** Opening Available data block **
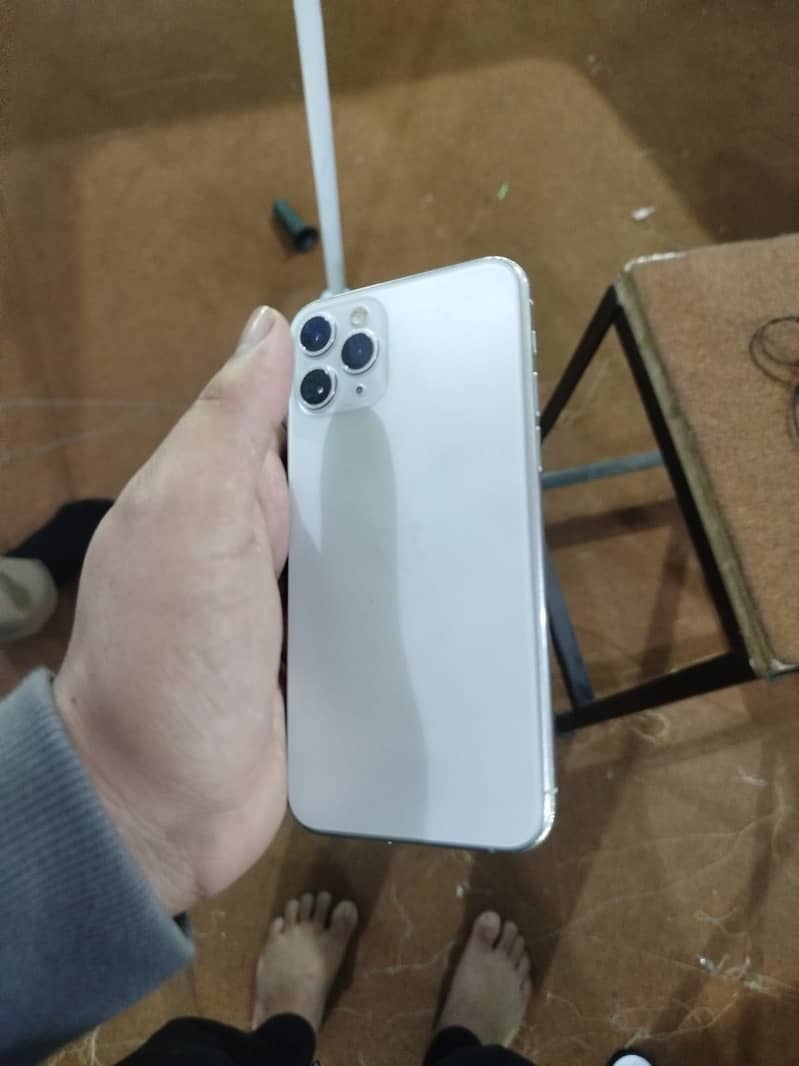 Iphone 11 pro 1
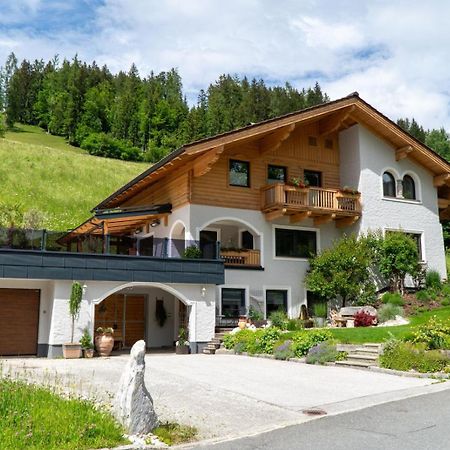 Appartement Hoell วาไกรน์ ภายนอก รูปภาพ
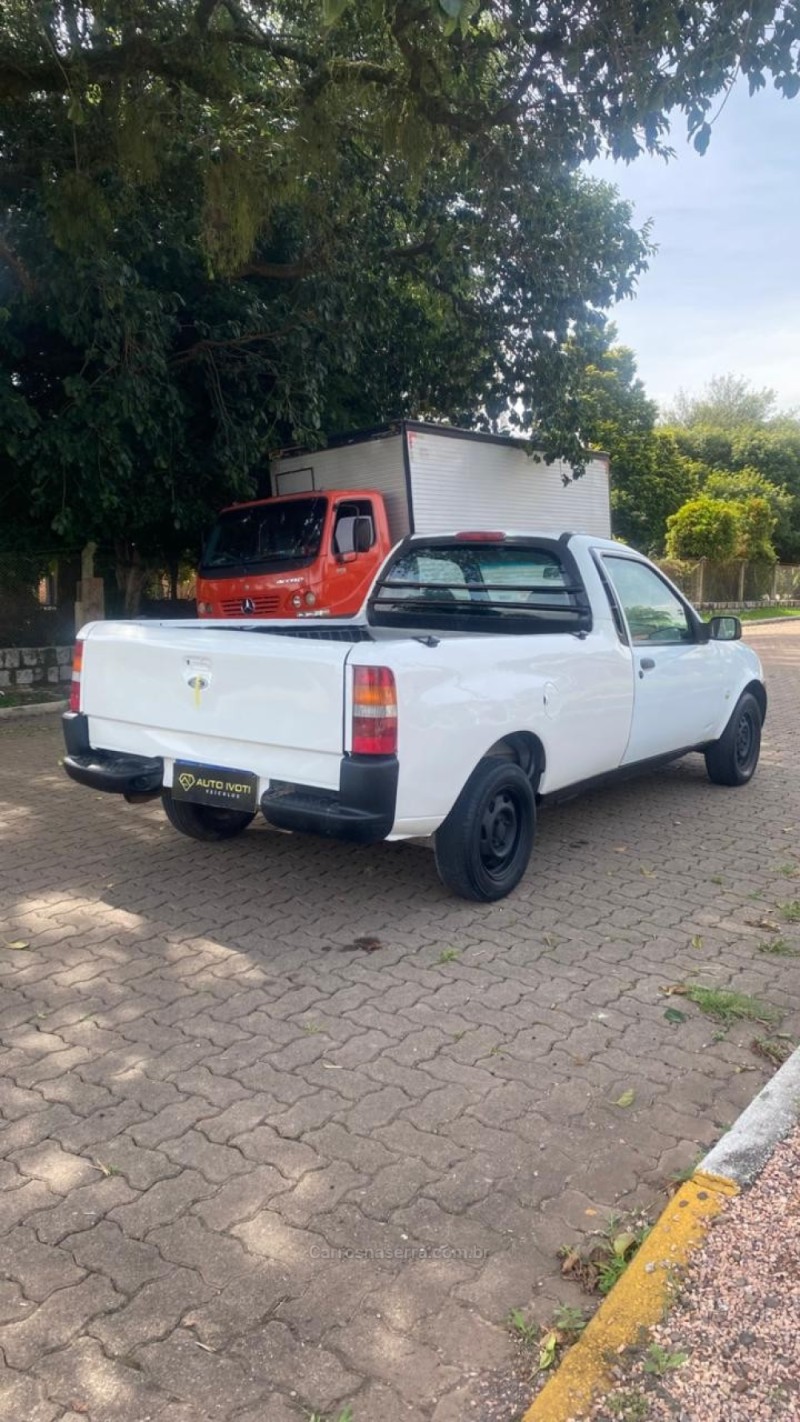 COURIER 1.6 MPI L 8V GASOLINA 2P MANUAL - 2005 - IVOTI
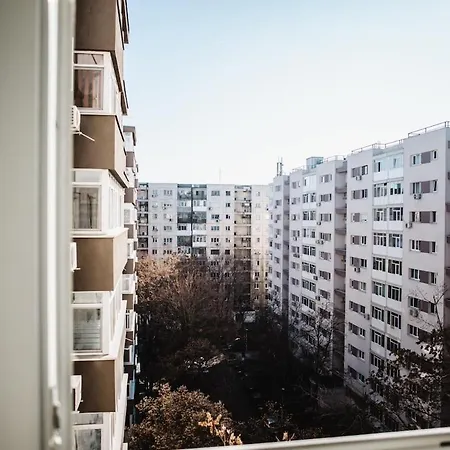 Cozyapartment Near Metrogorjului *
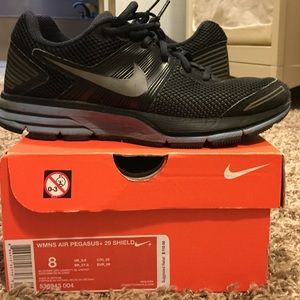 Nike Air Pegasus+ 29 Shield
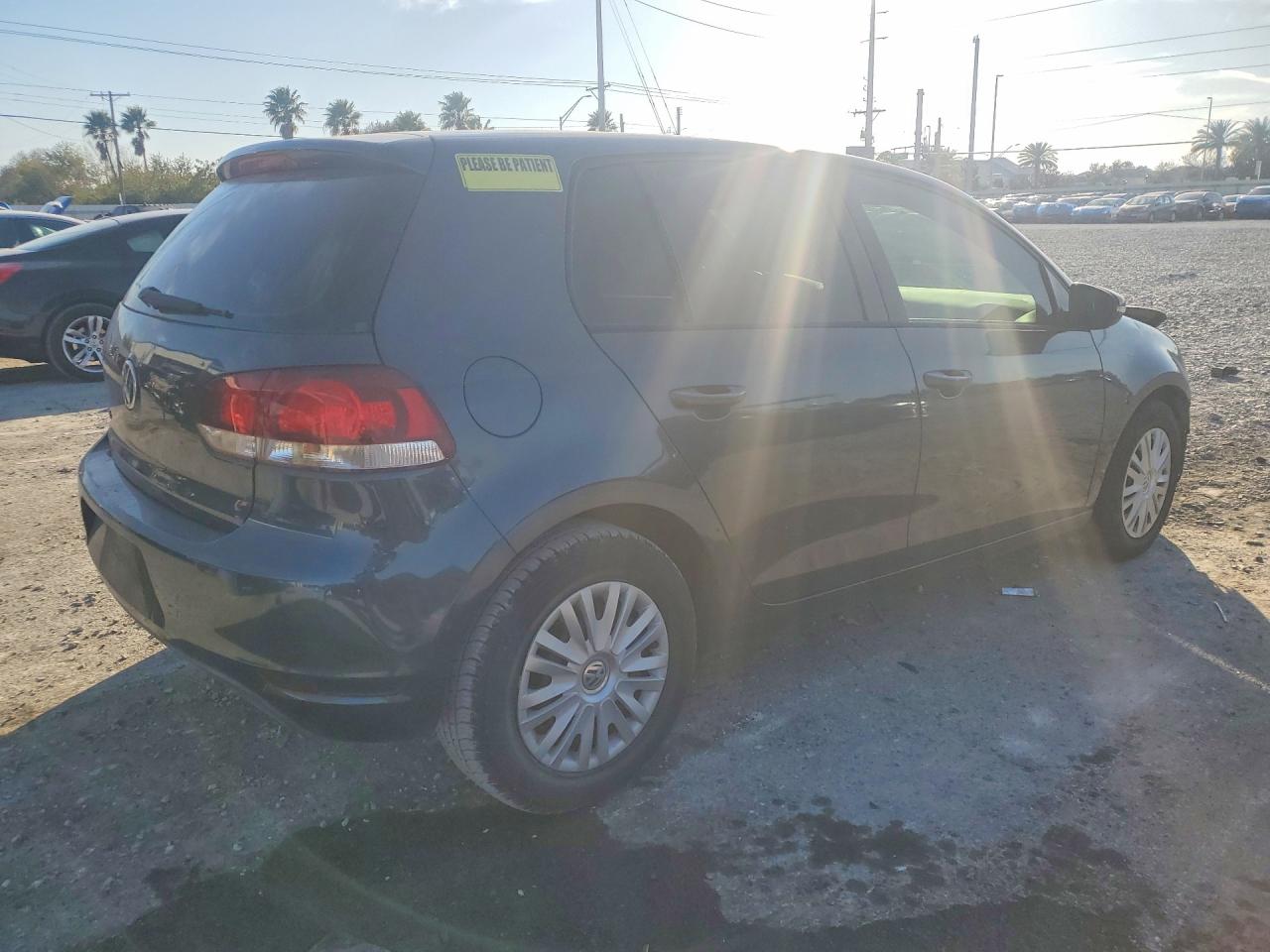 2012 VOLKSWAGEN GOLF photo 3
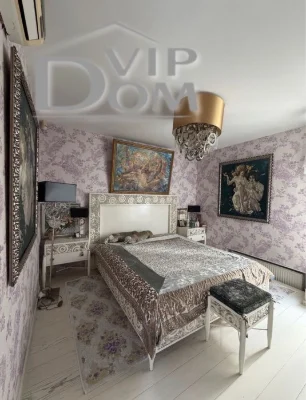 House in Odessa, there is a pool, basement.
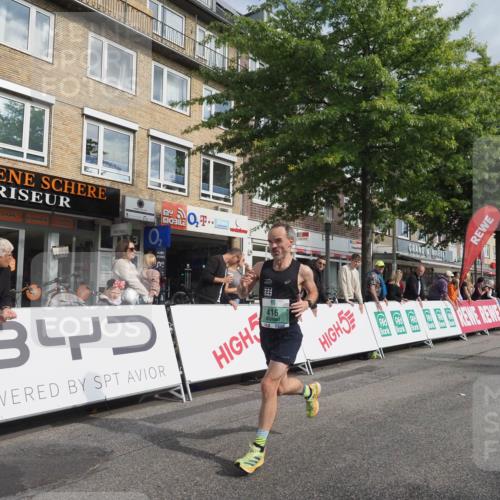 15.09.2024 - PSD Bank Halbmarathon Miley Keyser http://msf.ph/oto/7066937 15.09.2024 11:17:30 Ziel 416, 558, 580, 592, 636 meine-sportfotos.de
** Closing Available data block **
» **What is required**
The expected answer is the full listing above, transcribed exactly and without pictures.

» **Answer for the task**
 Iphone 11 pro 1
 Appartement Hoell วาไกรน์ ภายนอก รูปภาพ
 COURIER 1.6 MPI L 8V GASOLINA 2P MANUAL - 2005 - IVOTI
 Cozyapartment Near Metrogorjului *
 Nike Air Pegasus+ 29 Shield
 2012 VOLKSWAGEN GOLF photo 3
 House in Odessa, there is a pool, basement.
 15.09.2024 - PSD Bank Halbmarathon Miley Keyser http://msf.ph/oto/7066937 15.09.2024 11:17:30 Ziel 416, 558, 580, 592, 636 meine-sportfotos.de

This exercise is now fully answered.